A difesa della tenuta dell’edificio teorico della psichiatria, si ergono inoltre discorsi ricattatori che ammoniscono l’incauto critico ricordandogli tutto il bene che psichiatria e psicofarmaci procurano a migliaia di individui che soffrono. Volete forse abbandonarli a loro stessi o destinarli a dieci anni di infruttuosa psicanalisi? Pur non enunciando esplicitamente questa obiezione, Cima vi risponde a più riprese sottolineando che l’inflazione di diagnosi degli ultimi anni contribuisce proprio a marginalizzare e occultare coloro che versano in condizioni gravi e urgenti.
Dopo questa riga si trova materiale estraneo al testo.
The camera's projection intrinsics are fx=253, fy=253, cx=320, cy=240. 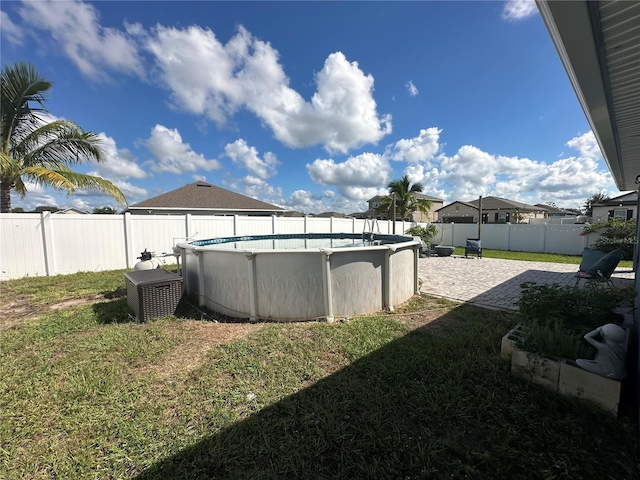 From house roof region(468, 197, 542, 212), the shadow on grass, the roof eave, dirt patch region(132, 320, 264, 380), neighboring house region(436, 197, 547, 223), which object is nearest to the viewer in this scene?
the roof eave

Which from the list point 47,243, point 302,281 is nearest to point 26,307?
point 47,243

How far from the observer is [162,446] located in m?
1.95

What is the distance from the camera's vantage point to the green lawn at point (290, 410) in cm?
176

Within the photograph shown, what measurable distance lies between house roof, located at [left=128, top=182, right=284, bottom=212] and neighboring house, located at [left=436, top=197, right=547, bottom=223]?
28.2 metres

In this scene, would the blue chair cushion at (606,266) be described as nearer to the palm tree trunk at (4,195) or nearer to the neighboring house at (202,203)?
the palm tree trunk at (4,195)

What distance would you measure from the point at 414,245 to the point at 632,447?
150 inches

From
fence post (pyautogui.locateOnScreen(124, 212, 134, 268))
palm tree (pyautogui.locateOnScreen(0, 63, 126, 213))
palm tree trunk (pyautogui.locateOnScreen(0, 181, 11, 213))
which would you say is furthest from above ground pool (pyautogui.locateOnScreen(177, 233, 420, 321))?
palm tree trunk (pyautogui.locateOnScreen(0, 181, 11, 213))

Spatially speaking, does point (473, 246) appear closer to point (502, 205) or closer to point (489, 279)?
point (489, 279)

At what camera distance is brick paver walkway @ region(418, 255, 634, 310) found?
228 inches

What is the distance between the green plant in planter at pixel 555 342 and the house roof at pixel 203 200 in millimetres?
19289

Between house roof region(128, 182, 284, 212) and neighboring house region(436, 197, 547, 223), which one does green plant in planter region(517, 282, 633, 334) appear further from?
neighboring house region(436, 197, 547, 223)

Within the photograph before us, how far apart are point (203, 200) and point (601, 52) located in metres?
20.7

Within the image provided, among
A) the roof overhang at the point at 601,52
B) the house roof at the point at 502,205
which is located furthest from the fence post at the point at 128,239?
the house roof at the point at 502,205

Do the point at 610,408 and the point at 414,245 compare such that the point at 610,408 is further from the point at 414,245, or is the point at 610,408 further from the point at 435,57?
the point at 435,57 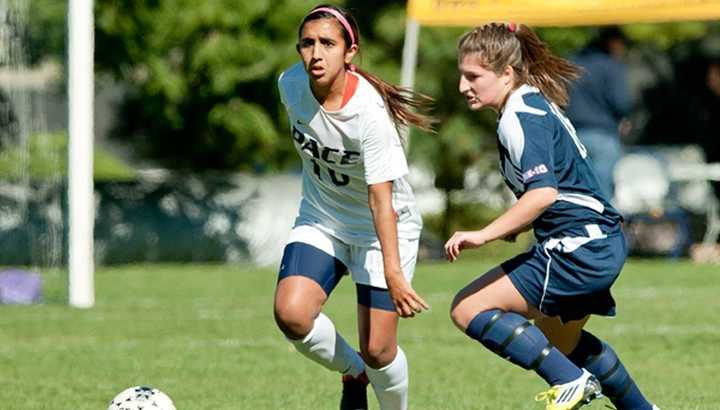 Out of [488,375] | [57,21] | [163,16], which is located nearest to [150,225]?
[163,16]

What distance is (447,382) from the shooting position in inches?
313

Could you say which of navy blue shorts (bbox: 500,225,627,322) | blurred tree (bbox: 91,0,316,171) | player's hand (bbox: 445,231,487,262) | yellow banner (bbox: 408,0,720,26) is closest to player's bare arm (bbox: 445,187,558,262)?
player's hand (bbox: 445,231,487,262)

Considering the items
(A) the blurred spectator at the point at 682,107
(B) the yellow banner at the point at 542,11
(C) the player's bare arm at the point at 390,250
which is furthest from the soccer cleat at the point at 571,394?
(A) the blurred spectator at the point at 682,107

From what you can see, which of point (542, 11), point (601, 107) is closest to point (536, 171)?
point (601, 107)

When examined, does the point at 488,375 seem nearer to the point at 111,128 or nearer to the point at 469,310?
the point at 469,310

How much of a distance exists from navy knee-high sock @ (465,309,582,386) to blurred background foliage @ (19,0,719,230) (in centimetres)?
1064

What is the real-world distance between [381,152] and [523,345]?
97 cm

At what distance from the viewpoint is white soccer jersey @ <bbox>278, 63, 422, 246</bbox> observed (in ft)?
20.8

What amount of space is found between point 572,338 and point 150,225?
37.4 feet

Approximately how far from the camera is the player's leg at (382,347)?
6.44 m

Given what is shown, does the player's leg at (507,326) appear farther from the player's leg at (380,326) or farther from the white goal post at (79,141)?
the white goal post at (79,141)

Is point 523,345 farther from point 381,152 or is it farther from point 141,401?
point 141,401

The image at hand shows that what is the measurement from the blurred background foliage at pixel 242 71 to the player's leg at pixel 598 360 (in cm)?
1033

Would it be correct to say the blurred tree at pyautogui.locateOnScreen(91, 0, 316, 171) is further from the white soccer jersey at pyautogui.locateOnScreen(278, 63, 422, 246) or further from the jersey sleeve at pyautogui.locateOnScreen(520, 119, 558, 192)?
the jersey sleeve at pyautogui.locateOnScreen(520, 119, 558, 192) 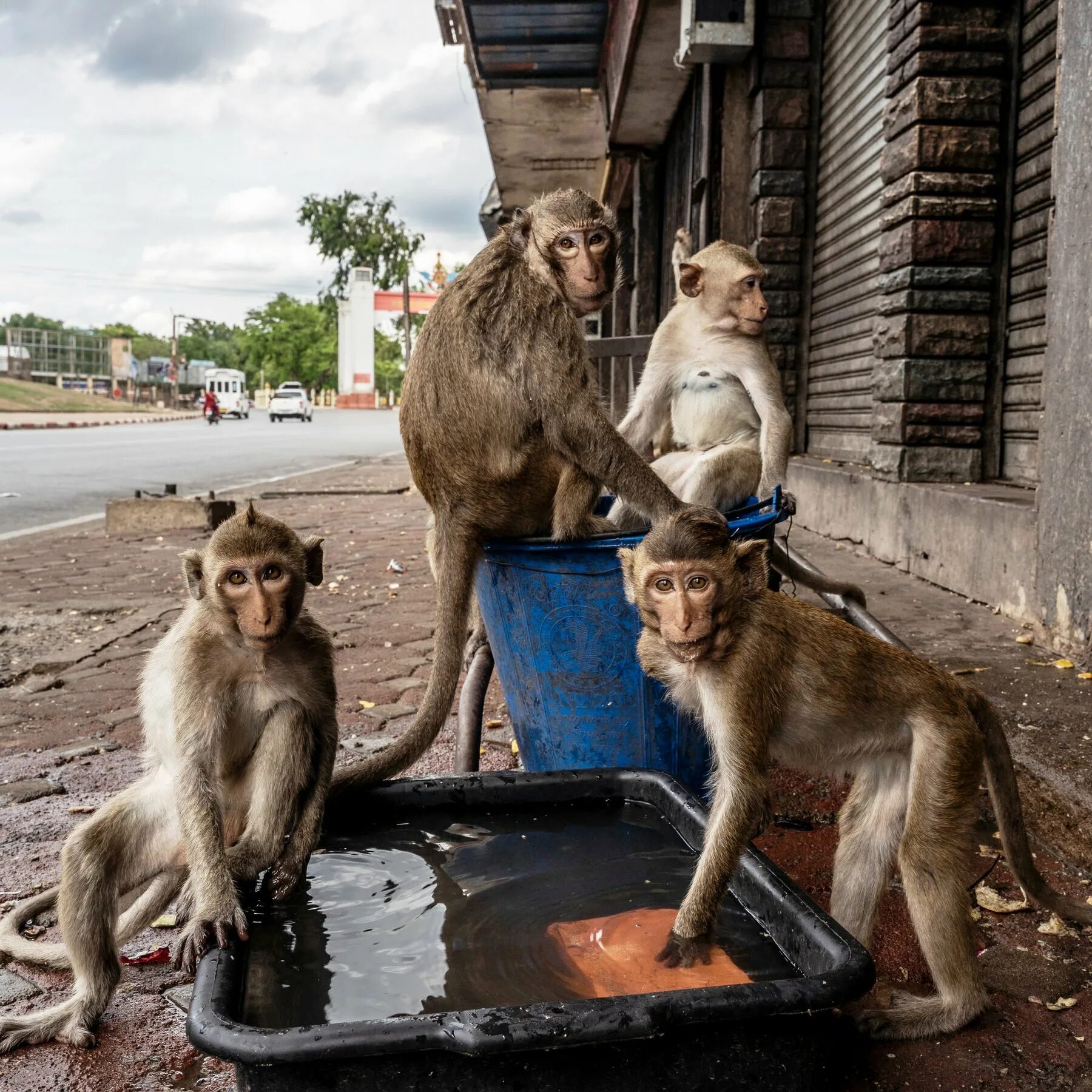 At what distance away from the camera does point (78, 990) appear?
233 cm

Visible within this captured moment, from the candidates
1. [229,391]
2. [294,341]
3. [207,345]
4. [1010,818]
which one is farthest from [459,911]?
[207,345]

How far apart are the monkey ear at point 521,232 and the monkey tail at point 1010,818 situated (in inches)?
75.3

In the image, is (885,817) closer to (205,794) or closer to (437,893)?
(437,893)

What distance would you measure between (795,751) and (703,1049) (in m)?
0.88

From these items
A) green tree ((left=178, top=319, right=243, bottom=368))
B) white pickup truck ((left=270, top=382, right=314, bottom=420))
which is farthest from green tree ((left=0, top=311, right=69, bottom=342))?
white pickup truck ((left=270, top=382, right=314, bottom=420))

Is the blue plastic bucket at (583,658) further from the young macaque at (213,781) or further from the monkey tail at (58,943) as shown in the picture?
the monkey tail at (58,943)

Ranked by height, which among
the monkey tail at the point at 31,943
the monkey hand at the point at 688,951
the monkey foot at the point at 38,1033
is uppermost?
the monkey hand at the point at 688,951

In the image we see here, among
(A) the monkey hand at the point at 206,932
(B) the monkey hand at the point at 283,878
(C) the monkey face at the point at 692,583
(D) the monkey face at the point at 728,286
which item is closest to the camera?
(A) the monkey hand at the point at 206,932

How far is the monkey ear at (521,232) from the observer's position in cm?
344

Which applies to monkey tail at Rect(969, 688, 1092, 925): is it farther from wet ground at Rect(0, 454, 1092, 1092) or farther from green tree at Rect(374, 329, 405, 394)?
green tree at Rect(374, 329, 405, 394)

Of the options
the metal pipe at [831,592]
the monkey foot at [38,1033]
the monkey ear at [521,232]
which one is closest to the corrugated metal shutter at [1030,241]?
the metal pipe at [831,592]

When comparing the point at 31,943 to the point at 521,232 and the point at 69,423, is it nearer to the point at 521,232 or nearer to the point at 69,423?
the point at 521,232

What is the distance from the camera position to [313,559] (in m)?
2.69

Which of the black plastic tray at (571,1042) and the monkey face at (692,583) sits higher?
the monkey face at (692,583) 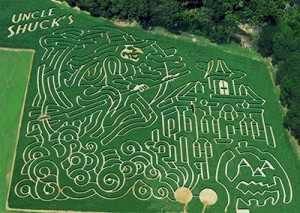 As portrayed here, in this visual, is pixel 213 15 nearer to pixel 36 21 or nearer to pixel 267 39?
pixel 267 39

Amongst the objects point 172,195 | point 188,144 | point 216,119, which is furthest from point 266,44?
point 172,195

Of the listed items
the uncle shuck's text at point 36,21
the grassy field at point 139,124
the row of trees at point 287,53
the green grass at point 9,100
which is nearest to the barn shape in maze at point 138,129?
the grassy field at point 139,124

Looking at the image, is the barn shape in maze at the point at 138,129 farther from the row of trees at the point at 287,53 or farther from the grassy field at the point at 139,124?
the row of trees at the point at 287,53

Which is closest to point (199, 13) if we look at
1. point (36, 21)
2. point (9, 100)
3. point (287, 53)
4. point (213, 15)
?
point (213, 15)

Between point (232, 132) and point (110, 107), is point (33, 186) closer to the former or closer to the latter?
point (110, 107)

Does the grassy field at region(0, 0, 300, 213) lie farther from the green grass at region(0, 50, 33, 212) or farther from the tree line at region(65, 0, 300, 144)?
the tree line at region(65, 0, 300, 144)

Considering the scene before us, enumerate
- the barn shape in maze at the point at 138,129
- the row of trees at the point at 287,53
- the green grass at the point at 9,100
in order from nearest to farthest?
the green grass at the point at 9,100 → the barn shape in maze at the point at 138,129 → the row of trees at the point at 287,53

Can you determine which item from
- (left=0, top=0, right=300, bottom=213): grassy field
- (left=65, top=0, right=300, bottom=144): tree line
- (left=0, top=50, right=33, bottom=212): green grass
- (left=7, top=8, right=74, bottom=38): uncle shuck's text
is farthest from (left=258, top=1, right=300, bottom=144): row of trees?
(left=0, top=50, right=33, bottom=212): green grass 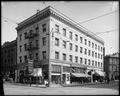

Ad essere messa in discussione non è l’esistenza della sofferenza psichica ma gli strumenti concettuali con i quali la abbiamo estesa ad ogni manifestazione che devia da una ancora più indefinibile normalità.
Si tratta forse di una distinzione tra “malati veri” e “malati finti”? L’ultimo capitolo del libro si occupa di scartare una simile facile scorciatoia e problematizza direttamente le nostre concettualizzazioni di normale e patologico, due termini inafferrabili che non possono fare a meno di definirsi a vicenda. Ad essere messa in discussione, infatti, non è l’esistenza della sofferenza psichica -che appunto può connotarsi del carattere di urgenza e debilitare gravemente un soggetto- ma gli strumenti concettuali con i quali abbiamo creduto di catturare il “patologico” e, nel corso dell’ultimo secolo, lo abbiamo esteso ad ogni manifestazione che devia da una ancora più indefinibile normalità.
Senza pretendere di offrire risposte definitive ma senza neppure trattenersi nella pars destruens, il saggio di Cima offre validi strumenti per interrogare la concezione contemporanea della patologia psichica anche a chi, a fine lettura, non si troverà d’accordo con lui.